If this document and a .mdc rule disagree, this document wins. Update both in the same commit.
1. Test pyramid (the contract)
| Layer | Runtime | Speed budget | Volume | Tooling |
|---|---|---|---|---|
| Unit | In-process, no I/O | < 50 ms each, < 60 s total per package | 70–80 % of all tests | Vitest |
| Integration | Testcontainers (Postgres, Redis, Pub/Sub emulator, OpenSearch) | < 2 s each, < 8 min total per service | 15–25 % | Vitest + @testcontainers/postgresql |
| Contract | In-process; verifies a frozen schema | < 100 ms each | 1 per producer-consumer pair | Pact (HTTP) + AJV / Zod (events) |
| E2E | Real browser, real device, real DB | < 30 s each, < 15 min per app | One per W-NN workflow + critical happy-path of every story flagged e2e | Playwright (web/desktop) · Detox (mobile) |
| Performance | Real browser/runtime; budget gated | < 2 min per scenario | One per critical screen + endpoint | Lighthouse-CI (web) · Reassure (mobile) · k6 (services) |
| A11y | Real browser; rule-set enforced | < 5 s each | Layered into every E2E | axe-playwright · @axe-core/react |
Inverted pyramid is forbidden. A PR that ships only E2E coverage of a new use case will fail review unless the use case is genuinely untestable below the E2E layer (rare; document with an ADR).
2. Coverage targets (CI-enforced via Vitest coverage.thresholds)

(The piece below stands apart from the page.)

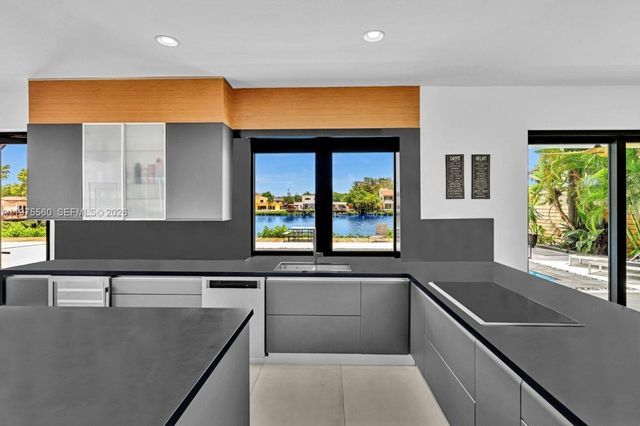 19801 NE 23rd Avenue, Miami, FL 33180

| Code area | Statements | Branches | Functions | Lines | Mutation (Stryker, changed files) |
|---|---|---|---|---|---|
domain/ aggregates | 95 | 90 | 95 | 95 | ≥ 75 % killed |
domain/ value objects | 100 | 95 | 100 | 100 | ≥ 85 % killed |
domain/ domain services | 90 | 85 | 90 | 90 | ≥ 70 % killed |
application/ use cases | 90 | 85 | 90 | 90 | — |
infrastructure/ adapters | 80 | 70 | 80 | 80 | — |
presentation/ controllers | 80 | 70 | 80 | 80 | — |
Shared packages (@ghasi/*) | 90 | 85 | 90 | 90 | ≥ 80 % killed |
| Frontend components (logic-bearing) | 85 | 75 | 85 | 85 | — |
A PR drops below threshold? CI blocks merge. Coverage exclusions live in vitest.config.ts per package and require a comment with rationale.
3. Mandatory test files per service (forever-passing)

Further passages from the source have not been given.